Rui Paredes deixou ainda um repto para o Estado que tem a ver com a “componente regional do que é a faturação das grandes empresas e que não está definida”. “Na realidade, a sede está no Porto e é no Porto que fazem o pagamento dos impostos, é no Porto que criam riqueza e é no Porto que fica tudo o que é retirado da região. E nós o que entendemos é que cada vez mais este tipo de empresas tem de estar sediado no Douro, tem de contribuir para a economia regional e não pode só retirar daqui o que é o melhor e depois levar para outra região”, referiu, assumindo que “esta é uma discussão difícil”.

Esta segunda-feira, no salão nobre da Casa do Douro, no Peso da Régua, distrito de Vila Real, tomam posse os órgãos eleitos a 21 de dezembro: conselho regional de viticultores e direção. O mandato é de três anos e Rui Paredes terá como vogais Fernando Alonso e Justina Teixeira. O conselho regional é composto por 51 membros eleitos por sufrágio direto dos associados singulares, sendo depois designados representantes das adegas cooperativas, cooperativas agrícolas e associações de viticultores.

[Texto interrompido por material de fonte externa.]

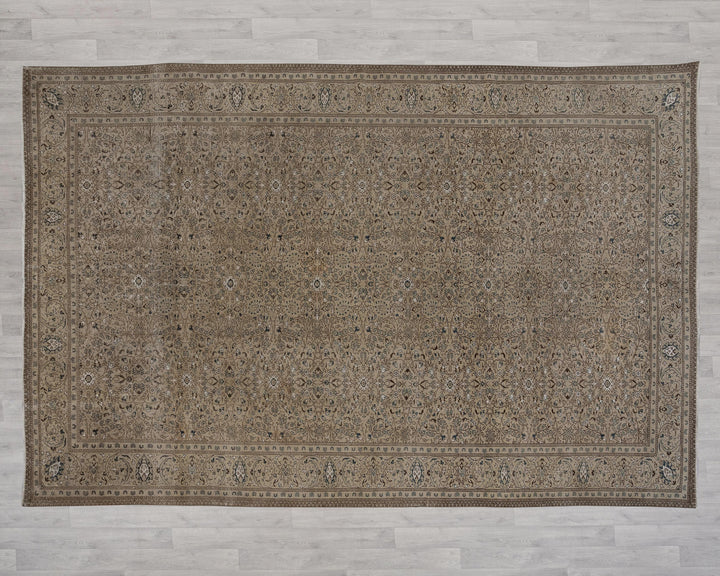 Faded Oushak Rug 8' 1" x 11' 8" | No. VR94244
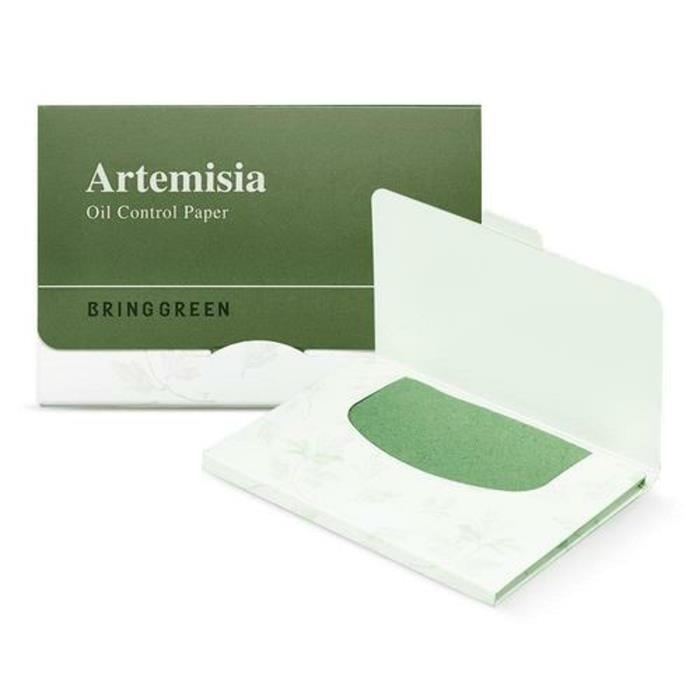 BRINGGREEN Artemisia Oil Control Paper 70 Sheets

Incorporação de aguardente no vinho do Porto

Por outro lado, o presidente da ‘nova’ Casa do Douro sublinha que quer “criar laços e “desatar muitos nós” que a região teme que “precisam de ser desatados”, além de trabalhar nas fundações e atribuições da instituição e ajudar na tomada de medidas, como a aguardente regional.

Nesta primeira fase da ‘nova’ associação, Rui Paredes quer passar uma mensagem de entendimento. “Que estamos imbuídos do mesmo espírito, na defesa do pequeno e médio viticultor, de toda a região. Nós temos de trabalhar muito nas fundações da nova Casa do Douro, ou seja, estruturá-la de uma forma que permita mantermo-nos como um legado eterno e não como algo efémero”, referiu.

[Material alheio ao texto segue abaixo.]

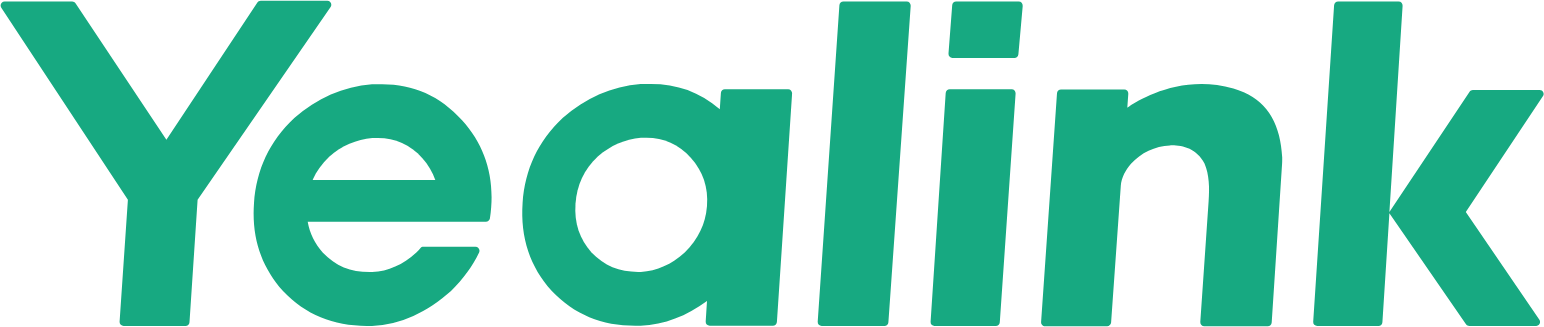 Yealink Network Technology logo large (transparent PNG)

As competências da instituição estão definidas na lei, mas, segundo o responsável, para as efetivar será necessário “um envelope financeiro que as sustente” e uma discussão grande com os vários parceiros deste processo, como o Instituto dos Vinhos do Douro e Porto (IVDP) e o Governo. Em simultâneo, acrescentou, é necessário continuar a trabalhar em medidas que ajudem os viticultores, a região, a crise nas vendas de vinhos e uvas e um “certo fundamentalismo” contra o setor.

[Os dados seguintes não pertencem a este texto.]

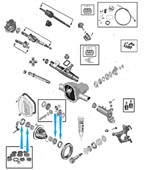 Boční ložisko diferenciálu 8126500 Jeep Grand Cherokee ZJ WJ Boční ložisko diferenciálu 8126500 Jeep Grand Cherokee ZJ WJ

Esta estruturação da Casa do Douro será algo que nos vai levar algum tempo. Agora, nada disto pode impedir a tomada de medidas urgentes, e isso é algo que nós não podemos deixar para um momento mais oportuno. Não. O momento oportuno era ontem.

Rui Paredes

Presidente da Casa do Douro

“Esta organização, esta estruturação da Casa do Douro será algo que nos vai levar algum tempo. Agora, nada disto pode impedir a tomada de medidas urgentes, e isso é algo que nós não podemos deixar para um momento mais oportuno. Não. O momento oportuno era ontem”, realçou, salientando que se quer “empoderar o viticultor”. Na sua opinião, “é importante que o viticultor não se sinta como um parente pobre, como alguém que anda sempre de chapéu na mão”.

Foram já tomadas medidas como o fecho da região à importação de vinhos, o Governo descativou verbas do IVDP para aplicar na promoção e a vindima em verde está vertida como uma proposta a ser apoiada caso haja necessidade este ano. “O consumidor tem de perceber que quando consome um vinho do Douro está efetivamente a consumir um vinho que tem atrás de si toda uma história, uma tradição, um saber fazer e fruto muito da sua especificidade enquanto região, tem custos”, defendeu.

Um dos grandes debates na região tem a ver com a produção de aguardente para incorporar no vinho do Porto a partir dos excedentes do Douro. A medida tem sido discutida no interpessoal e até deveria ter sido votada neste mês de janeiro, mas, segundo Rui Paredes, há um compasso de espera por um esclarecimento por parte do IVDP e do Governo.

A decisão é considerada importante para a região e foi muito reclamada por viticultores que, na última vindima, não conseguiram vender todas as uvas ou as venderam a preços baixos. “Uma outra situação que depois vai impactar com isto tudo é a definição de qual é o custo de produção”, afirmou.

A Universidade de Trás-os-Montes e Alto Douro (UTAD) está a realizar um estudo que, segundo explicou, vai ajudar a perceber quais são os gastos do viticultor na sua vinha e os custos de produção que o produtor do Douro tem e irá apurar um preço abaixo do qual se está a vender abaixo do custo de produção.